Task brief = Copy the listing below exactly. Pictures stay out of it.

Data =
------------------------------------------------------------------------

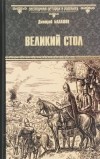 Дмитрий Балашов - Великий стол
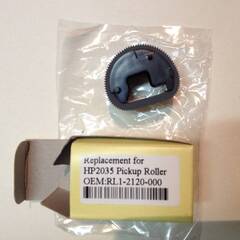 Ролик подхвата обходного лотка для HP LaserJet P2035 (CET), CET3689, CET3689R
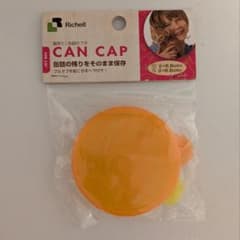 新品未使用◆リッチェル 猫用ミニ缶詰保存フタのサムネイル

------------------------------------------------------------------------

Output =
 Дмитрий Балашов - Великий стол
 Ролик подхвата обходного лотка для HP LaserJet P2035 (CET), CET3689, CET3689R
 新品未使用◆リッチェル 猫用ミニ缶詰保存フタのサムネイル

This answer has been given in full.